> [TASK TO COMPLETE]
Using the listing below, work out how many lines contain the word "click", and respond with that number alone.

> [MATERIAL PROVIDED]
☆ ☆ ☆ ☆ ☆ ☆ ☆

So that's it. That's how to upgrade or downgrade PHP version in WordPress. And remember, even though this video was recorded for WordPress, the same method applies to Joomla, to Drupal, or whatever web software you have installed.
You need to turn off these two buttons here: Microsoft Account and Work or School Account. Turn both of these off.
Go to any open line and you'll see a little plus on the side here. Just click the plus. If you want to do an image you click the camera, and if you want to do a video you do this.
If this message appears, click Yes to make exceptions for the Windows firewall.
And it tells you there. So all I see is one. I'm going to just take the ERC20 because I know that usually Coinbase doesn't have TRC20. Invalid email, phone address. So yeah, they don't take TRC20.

☆ ☆ ☆ ☆ ☆ ☆ ☆

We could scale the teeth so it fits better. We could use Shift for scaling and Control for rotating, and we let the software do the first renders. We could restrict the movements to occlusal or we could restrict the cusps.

☆ ☆ ☆ ☆ ☆ ☆ ☆

> [WRITTEN ANSWER]
2